-- Opening Marker --
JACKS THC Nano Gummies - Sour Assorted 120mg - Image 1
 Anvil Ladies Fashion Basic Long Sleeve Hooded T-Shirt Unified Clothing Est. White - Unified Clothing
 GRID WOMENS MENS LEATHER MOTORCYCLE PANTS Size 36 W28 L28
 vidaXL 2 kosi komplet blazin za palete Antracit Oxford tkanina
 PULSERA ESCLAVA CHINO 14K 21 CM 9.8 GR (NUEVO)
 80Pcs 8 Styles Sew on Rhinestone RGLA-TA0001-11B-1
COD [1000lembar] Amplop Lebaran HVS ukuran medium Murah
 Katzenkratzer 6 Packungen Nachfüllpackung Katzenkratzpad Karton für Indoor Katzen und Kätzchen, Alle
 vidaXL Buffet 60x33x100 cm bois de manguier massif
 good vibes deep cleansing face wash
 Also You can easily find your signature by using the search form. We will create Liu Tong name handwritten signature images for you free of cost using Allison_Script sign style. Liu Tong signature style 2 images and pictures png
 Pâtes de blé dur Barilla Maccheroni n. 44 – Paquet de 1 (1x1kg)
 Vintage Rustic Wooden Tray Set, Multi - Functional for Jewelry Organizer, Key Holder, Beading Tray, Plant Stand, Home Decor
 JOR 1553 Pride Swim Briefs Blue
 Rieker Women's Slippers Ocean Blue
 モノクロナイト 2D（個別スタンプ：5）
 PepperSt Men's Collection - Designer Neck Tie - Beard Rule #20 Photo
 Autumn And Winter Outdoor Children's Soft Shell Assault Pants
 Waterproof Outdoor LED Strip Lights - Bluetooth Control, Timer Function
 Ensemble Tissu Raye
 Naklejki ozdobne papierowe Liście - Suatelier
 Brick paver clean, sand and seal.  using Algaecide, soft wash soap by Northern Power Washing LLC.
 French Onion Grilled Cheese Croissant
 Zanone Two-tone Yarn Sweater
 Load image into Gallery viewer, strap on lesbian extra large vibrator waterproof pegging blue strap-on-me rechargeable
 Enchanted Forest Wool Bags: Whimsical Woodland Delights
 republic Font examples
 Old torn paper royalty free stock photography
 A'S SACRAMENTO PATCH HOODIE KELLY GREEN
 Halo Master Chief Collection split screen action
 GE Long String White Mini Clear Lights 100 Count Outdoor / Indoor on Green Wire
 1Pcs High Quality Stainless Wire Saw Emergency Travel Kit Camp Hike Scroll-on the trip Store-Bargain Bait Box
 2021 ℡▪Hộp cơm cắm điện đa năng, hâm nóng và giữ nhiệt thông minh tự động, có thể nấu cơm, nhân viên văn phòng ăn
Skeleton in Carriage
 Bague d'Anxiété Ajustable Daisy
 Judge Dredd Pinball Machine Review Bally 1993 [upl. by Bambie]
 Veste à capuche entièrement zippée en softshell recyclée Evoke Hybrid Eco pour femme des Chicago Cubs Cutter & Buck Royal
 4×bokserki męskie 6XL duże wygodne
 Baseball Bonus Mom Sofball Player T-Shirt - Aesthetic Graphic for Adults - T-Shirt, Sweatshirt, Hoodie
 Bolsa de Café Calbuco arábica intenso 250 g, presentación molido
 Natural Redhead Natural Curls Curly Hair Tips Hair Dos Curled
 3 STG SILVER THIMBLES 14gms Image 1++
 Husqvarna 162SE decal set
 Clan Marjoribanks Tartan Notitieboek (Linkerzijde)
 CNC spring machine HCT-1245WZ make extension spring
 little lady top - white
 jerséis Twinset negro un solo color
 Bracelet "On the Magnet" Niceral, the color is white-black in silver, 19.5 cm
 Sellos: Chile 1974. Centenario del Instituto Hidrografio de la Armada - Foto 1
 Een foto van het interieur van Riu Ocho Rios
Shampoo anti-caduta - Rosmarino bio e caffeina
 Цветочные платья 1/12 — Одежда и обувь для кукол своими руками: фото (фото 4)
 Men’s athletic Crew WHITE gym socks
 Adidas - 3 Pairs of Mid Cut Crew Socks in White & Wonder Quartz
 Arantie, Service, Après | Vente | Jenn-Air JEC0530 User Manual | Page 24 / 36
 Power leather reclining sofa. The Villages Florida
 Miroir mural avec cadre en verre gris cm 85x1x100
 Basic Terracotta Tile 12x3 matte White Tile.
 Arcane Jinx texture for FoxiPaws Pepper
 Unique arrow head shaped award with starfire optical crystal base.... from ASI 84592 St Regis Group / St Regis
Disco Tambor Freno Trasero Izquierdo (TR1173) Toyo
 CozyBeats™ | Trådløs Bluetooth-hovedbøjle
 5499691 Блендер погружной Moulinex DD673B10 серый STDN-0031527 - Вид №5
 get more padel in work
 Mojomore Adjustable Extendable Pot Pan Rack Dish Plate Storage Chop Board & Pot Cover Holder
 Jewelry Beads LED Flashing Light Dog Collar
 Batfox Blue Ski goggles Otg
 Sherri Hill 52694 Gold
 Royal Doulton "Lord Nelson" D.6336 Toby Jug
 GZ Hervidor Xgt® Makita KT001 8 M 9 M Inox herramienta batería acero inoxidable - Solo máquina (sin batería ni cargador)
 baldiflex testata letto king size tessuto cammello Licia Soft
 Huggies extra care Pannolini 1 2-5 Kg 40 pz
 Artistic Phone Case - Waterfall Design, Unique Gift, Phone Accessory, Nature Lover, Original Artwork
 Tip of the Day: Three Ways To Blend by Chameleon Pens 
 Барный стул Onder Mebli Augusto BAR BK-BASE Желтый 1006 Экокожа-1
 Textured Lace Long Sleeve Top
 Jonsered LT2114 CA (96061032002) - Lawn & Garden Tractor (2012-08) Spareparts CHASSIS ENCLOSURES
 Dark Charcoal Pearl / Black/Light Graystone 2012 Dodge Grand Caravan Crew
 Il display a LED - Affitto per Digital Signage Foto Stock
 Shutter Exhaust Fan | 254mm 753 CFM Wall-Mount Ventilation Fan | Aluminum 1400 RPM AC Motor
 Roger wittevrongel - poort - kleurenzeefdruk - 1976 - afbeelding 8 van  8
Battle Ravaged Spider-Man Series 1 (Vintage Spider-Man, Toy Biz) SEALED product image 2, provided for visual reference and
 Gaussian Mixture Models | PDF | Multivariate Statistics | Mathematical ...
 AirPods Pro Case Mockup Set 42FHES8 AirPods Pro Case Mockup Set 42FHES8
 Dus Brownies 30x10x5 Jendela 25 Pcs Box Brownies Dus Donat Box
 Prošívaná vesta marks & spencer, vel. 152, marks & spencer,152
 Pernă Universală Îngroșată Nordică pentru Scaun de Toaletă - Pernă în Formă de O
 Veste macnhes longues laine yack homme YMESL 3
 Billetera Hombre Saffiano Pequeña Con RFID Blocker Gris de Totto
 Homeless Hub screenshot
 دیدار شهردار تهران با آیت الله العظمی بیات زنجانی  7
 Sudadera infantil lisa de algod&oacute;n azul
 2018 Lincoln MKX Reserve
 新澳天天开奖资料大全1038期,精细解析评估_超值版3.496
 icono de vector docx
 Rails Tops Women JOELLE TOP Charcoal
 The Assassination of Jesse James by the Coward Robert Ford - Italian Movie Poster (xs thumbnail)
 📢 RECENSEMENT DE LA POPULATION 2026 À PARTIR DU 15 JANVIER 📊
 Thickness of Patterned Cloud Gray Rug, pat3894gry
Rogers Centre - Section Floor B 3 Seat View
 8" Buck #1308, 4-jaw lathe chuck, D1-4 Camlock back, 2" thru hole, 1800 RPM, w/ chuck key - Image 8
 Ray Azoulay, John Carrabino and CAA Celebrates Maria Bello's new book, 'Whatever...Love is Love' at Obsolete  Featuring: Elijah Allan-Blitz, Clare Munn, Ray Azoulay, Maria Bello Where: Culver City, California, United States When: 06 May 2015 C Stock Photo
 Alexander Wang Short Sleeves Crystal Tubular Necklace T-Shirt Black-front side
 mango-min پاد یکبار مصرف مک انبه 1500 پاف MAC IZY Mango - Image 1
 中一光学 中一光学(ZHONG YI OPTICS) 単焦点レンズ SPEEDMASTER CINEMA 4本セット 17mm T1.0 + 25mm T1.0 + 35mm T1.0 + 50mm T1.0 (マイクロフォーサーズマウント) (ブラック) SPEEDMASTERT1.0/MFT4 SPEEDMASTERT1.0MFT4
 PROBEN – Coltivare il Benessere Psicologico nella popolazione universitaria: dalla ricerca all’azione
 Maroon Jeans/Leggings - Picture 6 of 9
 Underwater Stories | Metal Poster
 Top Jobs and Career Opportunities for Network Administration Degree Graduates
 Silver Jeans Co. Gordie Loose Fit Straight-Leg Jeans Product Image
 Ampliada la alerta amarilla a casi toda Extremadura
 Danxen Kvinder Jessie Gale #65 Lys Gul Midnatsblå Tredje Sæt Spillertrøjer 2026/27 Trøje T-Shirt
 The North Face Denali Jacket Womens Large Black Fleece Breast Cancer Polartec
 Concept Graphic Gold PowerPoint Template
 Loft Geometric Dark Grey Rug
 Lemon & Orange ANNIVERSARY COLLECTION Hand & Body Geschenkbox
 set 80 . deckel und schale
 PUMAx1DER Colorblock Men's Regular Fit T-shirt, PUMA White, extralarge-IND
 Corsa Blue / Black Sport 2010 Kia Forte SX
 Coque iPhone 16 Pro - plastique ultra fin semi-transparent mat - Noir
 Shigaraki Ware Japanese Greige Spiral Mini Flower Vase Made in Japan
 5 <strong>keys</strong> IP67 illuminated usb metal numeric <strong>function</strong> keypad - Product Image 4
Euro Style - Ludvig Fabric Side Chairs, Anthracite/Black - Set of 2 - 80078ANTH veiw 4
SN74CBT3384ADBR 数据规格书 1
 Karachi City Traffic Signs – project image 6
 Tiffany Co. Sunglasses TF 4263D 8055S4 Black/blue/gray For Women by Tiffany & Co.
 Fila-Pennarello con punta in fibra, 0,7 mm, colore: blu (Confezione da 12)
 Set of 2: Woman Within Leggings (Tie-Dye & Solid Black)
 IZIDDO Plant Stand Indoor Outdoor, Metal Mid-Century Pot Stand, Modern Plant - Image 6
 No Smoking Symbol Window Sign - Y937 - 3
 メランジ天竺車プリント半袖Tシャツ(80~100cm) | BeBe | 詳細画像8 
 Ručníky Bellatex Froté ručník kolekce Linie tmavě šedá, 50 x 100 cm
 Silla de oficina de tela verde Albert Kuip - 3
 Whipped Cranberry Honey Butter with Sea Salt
-- Closing Marker --
Task brief: Starting with the first line of the records, repeat every line up to and including the one containing "good vibes deep cleansing face wash", and nothing else.

Solution to the exercise:
JACKS THC Nano Gummies - Sour Assorted 120mg - Image 1
 Anvil Ladies Fashion Basic Long Sleeve Hooded T-Shirt Unified Clothing Est. White - Unified Clothing
 GRID WOMENS MENS LEATHER MOTORCYCLE PANTS Size 36 W28 L28
 vidaXL 2 kosi komplet blazin za palete Antracit Oxford tkanina
 PULSERA ESCLAVA CHINO 14K 21 CM 9.8 GR (NUEVO)
 80Pcs 8 Styles Sew on Rhinestone RGLA-TA0001-11B-1
COD [1000lembar] Amplop Lebaran HVS ukuran medium Murah
 Katzenkratzer 6 Packungen Nachfüllpackung Katzenkratzpad Karton für Indoor Katzen und Kätzchen, Alle
 vidaXL Buffet 60x33x100 cm bois de manguier massif
 good vibes deep cleansing face wash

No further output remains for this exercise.